4 In the Uniform Law Commission’s Uniform Money Services Act, money transmission was defined to include receiving money or monetary value for transmission. Monetary value was defined as “a medium of exchange, whether or not redeemable in money.” Medium of exchange is described in the commentary as “value that is being exchanged [and] accepted by a community, larger than the two parties to the exchange.” By regulating the transmission of commonly accepted value, the Uniform Money Services Act set a baseline for activities-based regulation that has withstood two decades of rapid technological innovation. 

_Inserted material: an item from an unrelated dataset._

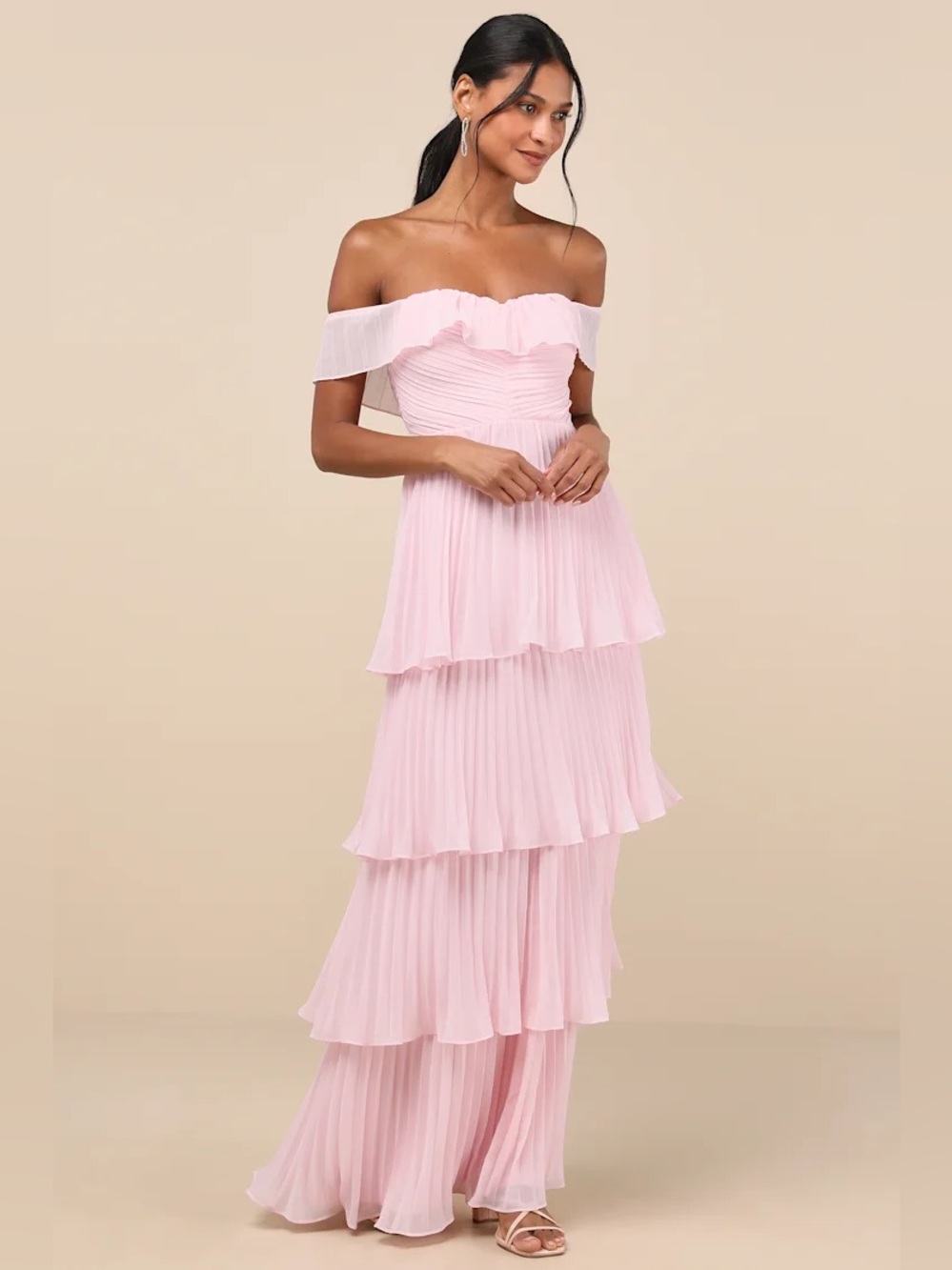 NEW Lulu’s Always Remarkable Pleated Tiered Off Shoulder Maxi Dress in Pink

5 Many stablecoins likely fit within the definition of stored value. The CSBS Money Transmission Modernization Act defines stored value as “monetary value representing a claim against the issuer evidenced by an electronic or digital record, and that is intended and accepted for use as a means of redemption for money or monetary value, or payment for goods or services.” When stablecoins perform this activity, they likely should be considered money transmission. When stablecoins are an investment of money in a common enterprise with a reasonable expectation of profit from the efforts of others, they likely should be considered securities. CSBS welcomes the opportunity to explore clear lines between these definitions and acceptable safe harbors that would differentiate the activities. Shape 

6 For a background and overview of the NMLS MSB Call Report, see MSB Call Report Overview and Definitions. 

7 CSBS operates the Nationwide Multistate Licensing System (NMLS) which is the system of record for non- depository, financial services licensing or registration in participating state agencies, including the District of Columbia and U.S. Territories of Puerto Rico, the U.S. Virgin Islands, and Guam.